As a general rule, if the Seller is in bankruptcy, a court order is required for a sale and any listing of the property and the Court must be apprised of all the pertinent facts.

March 26, 2007

Will Bankruptcy Save You From Foreclosure?

When homeowners are facing foreclosure many feel that their last resort is to declare bankruptcy. Declaring bankruptcy stops the foreclosure process, and allows the homeowner to keep their home from being sold on the courthouse steps. Unfortunately though, the ability for the homeowner to keep their home usually only lasts a little while.

As a result of 2005's Bankruptcy Abuse Prevention and Consumer Protection Act (PDF) homeowners are only allowed to declare bankruptcy one time as a means of stopping a pending foreclosure. Homeowners who declare bankruptcy are put into a Chapter 13 bankruptcy plan which requires them to work out a payment plan to pay off all of their debts usually within 60 months. This is a flawed system because what it does is creates an additional payment for a homeowner to make in addition to the bills they already have. If a homeowner cannot pay their existing bills, how are they possibly going to pay yet one more monthly bill?

If the homeowner who declares bankruptcy is unable to keep up with their payments to the bankruptcy trustee as laid out in their bankruptcy plan, then they will be 'kicked out' of their plan (discharged) and the foreclosure process starts right back up. This time though since they homeowner declared bankruptcy already, they cannot declare bankruptcy again to stop the new foreclosure process.

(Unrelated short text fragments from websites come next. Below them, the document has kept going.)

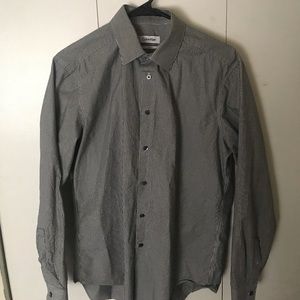 Calvin Klein slim fit shirt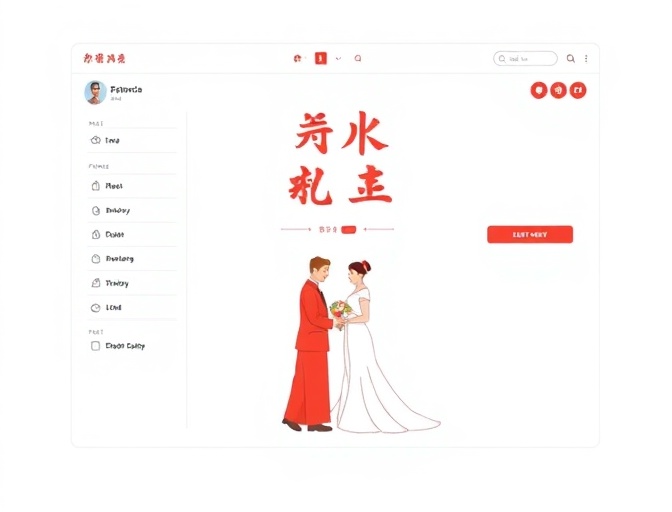 婚礼服务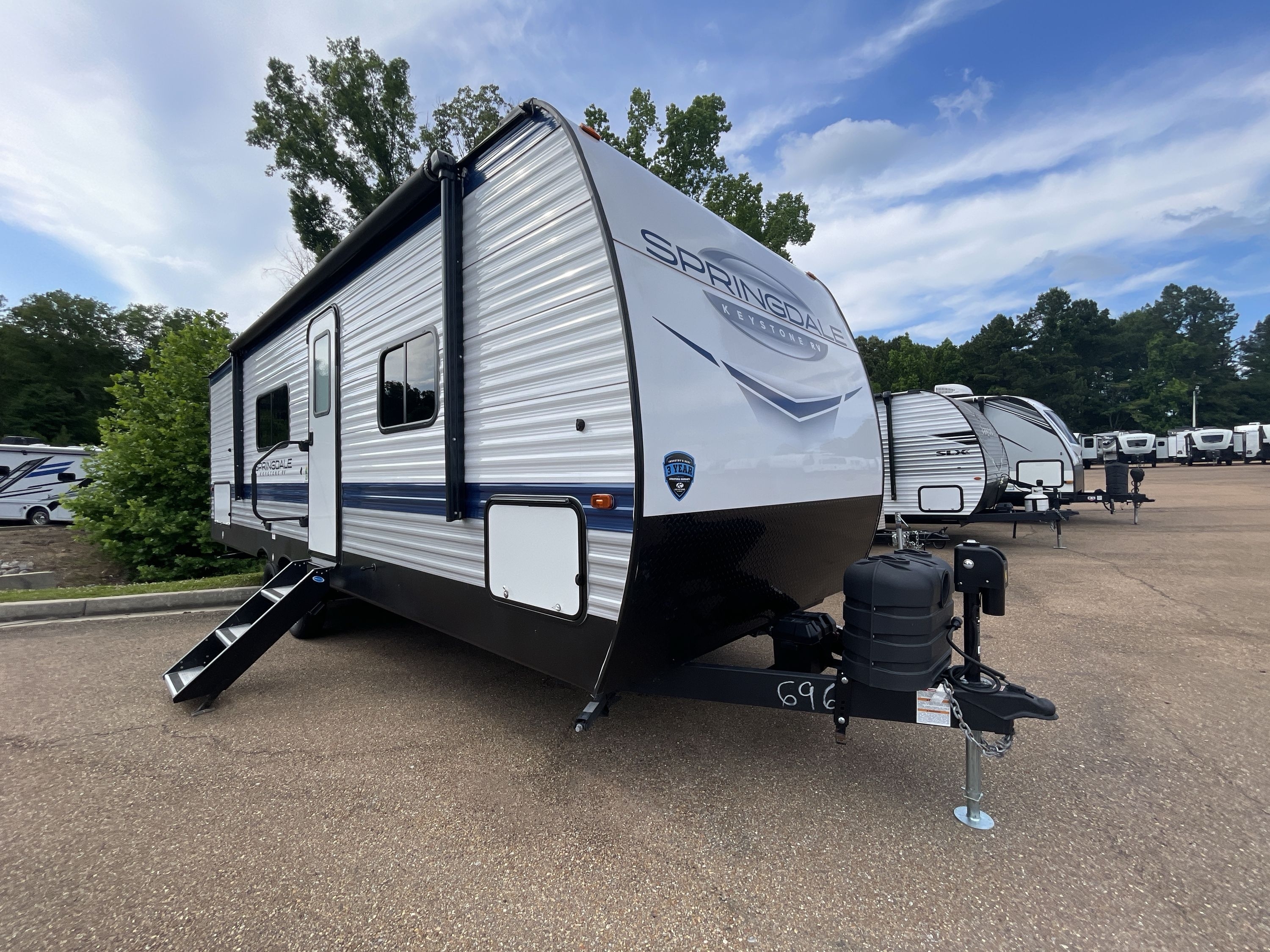 2025 Keystone SPRINGDALE 250BH RV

The main point that homeowners should recognize here is that a foreclosure will damage your credit, but you will be able to recover. Declaring bankruptcy will damage your credit also, but again you will be able to recover. However, if you declare bankruptcy and then get kicked out of your plan and then are foreclosed on by the bank, your credit will not be so easily restored. Bankruptcy as a stalling tactic may not be the best course of action and before doing so you should consult with a qualified attorney in your state that is familiar with both foreclosure and bankruptcy law.